Required action: Skip the pictures. Transcribe the rest of the data below without changing a word.

Dataset extract:
----------
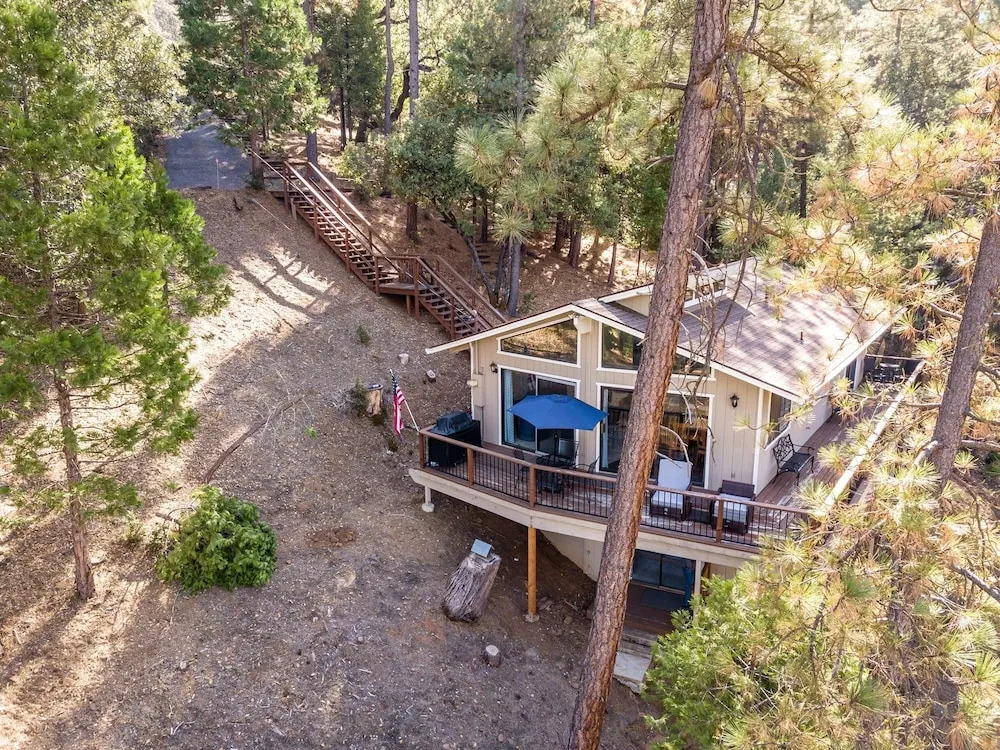 Creekside Hideaway - Spacious Home Hidden in Trees by Yosemite Region Resorts
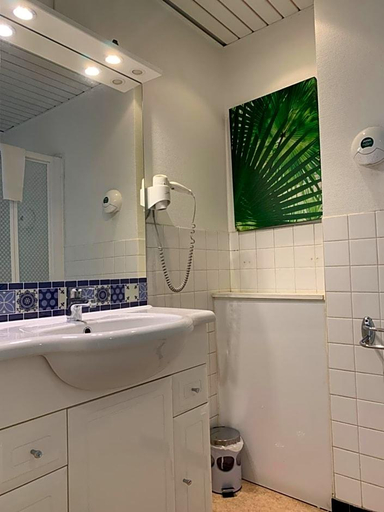 Bathroom 5, Wilson Square, Haute-Garonne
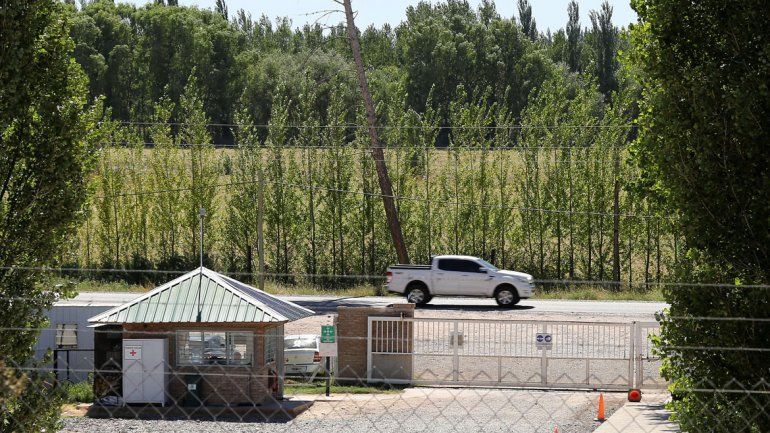 Al costado de la Ruta 7, la infraestructura petrolera se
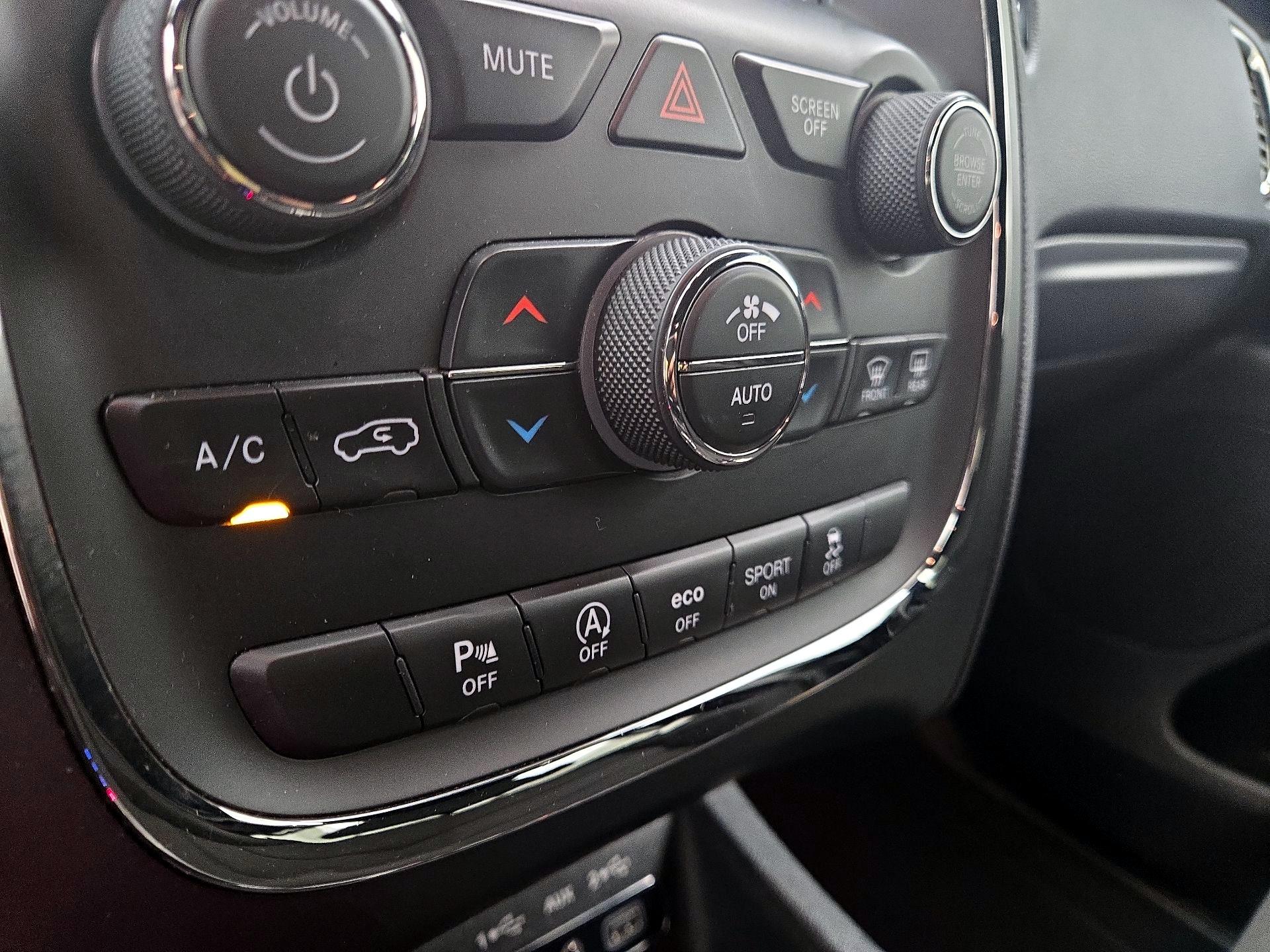Thumbnail: 2019 Dodge Durango - 16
----------
Reply:
 Creekside Hideaway - Spacious Home Hidden in Trees by Yosemite Region Resorts
 Bathroom 5, Wilson Square, Haute-Garonne
 Al costado de la Ruta 7, la infraestructura petrolera se
Thumbnail: 2019 Dodge Durango - 16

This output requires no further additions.